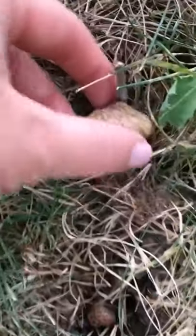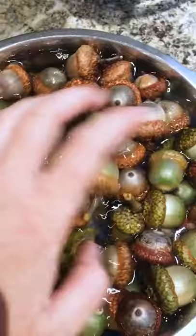Let's clean some acorns for crafting. Collect freshly fallen acorns from the ground or the tree and soak them in water for about half an hour to remove any dirt.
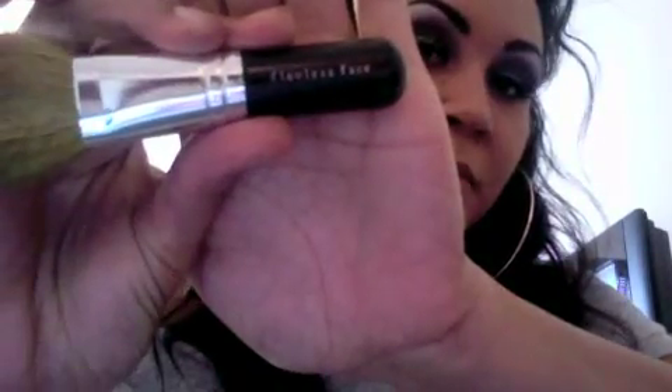My third step is I'm going to take my Tinted Mineral Veil. I'm going to take my Flawless Face Brush, swirl it in my cap, tap it off, and then sweep that all over my face. This is like the finishing powder — it's just going to give you that nice glow.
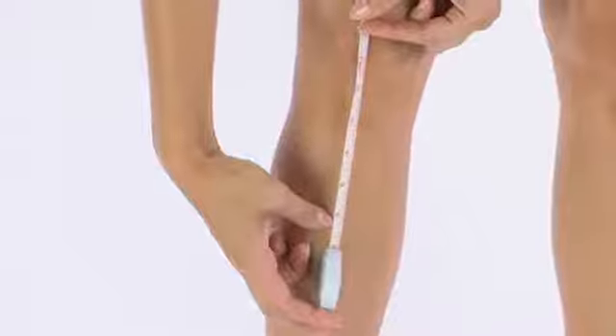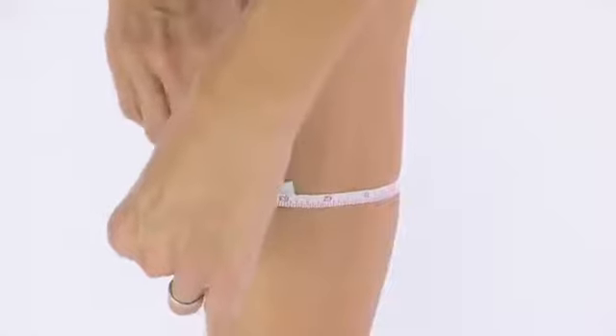And finally, measure six inches down from the center of your kneecap. At the six-inch mark, measure the circumference of your calf.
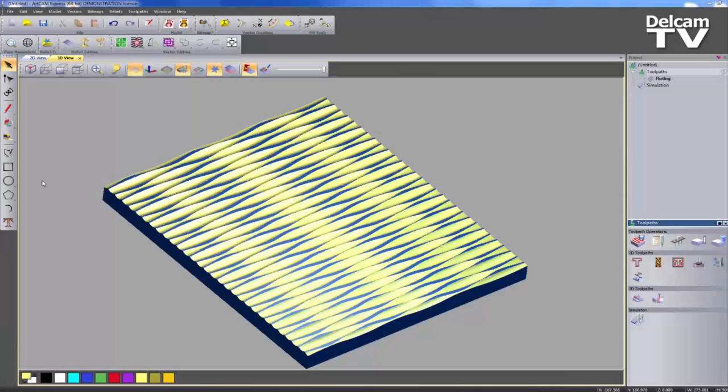I'm going to give you quite a short demonstration, showing you basically what you can do with the Fluting toolpath, which is a module in ArtCam Express 2015. This is a new module available to ArtCam Express. I'm just going to show you a few examples of what you can actually do with this, and then I'm going to finish up by creating this Waveboard that you can see on the screen.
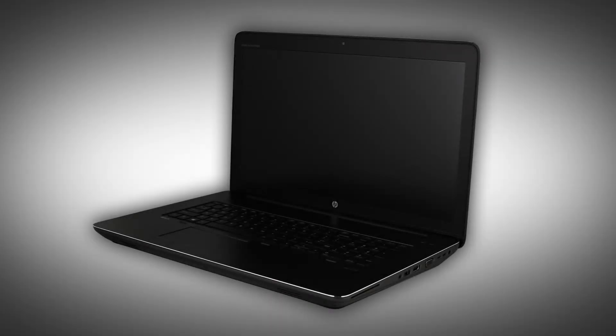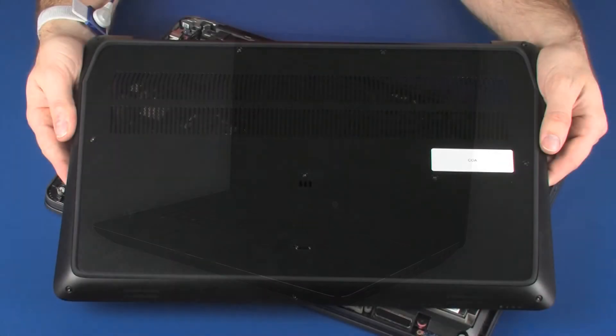Note: the following video depicts a specific configuration of the notebook. The same removal and replacement procedures apply to all configurations of the notebook. Before you begin, remove the base enclosure.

══════

▸ Exercise goal
Repeat the records above verbatim, dropping the pictures.

▸ Solution to this problem
Let's clean some acorns for crafting. Collect freshly fallen acorns from the ground or the tree and soak them in water for about half an hour to remove any dirt.
My third step is I'm going to take my Tinted Mineral Veil. I'm going to take my Flawless Face Brush, swirl it in my cap, tap it off, and then sweep that all over my face. This is like the finishing powder — it's just going to give you that nice glow.
And finally, measure six inches down from the center of your kneecap. At the six-inch mark, measure the circumference of your calf.
I'm going to give you quite a short demonstration, showing you basically what you can do with the Fluting toolpath, which is a module in ArtCam Express 2015. This is a new module available to ArtCam Express. I'm just going to show you a few examples of what you can actually do with this, and then I'm going to finish up by creating this Waveboard that you can see on the screen.
Note: the following video depicts a specific configuration of the notebook. The same removal and replacement procedures apply to all configurations of the notebook. Before you begin, remove the base enclosure.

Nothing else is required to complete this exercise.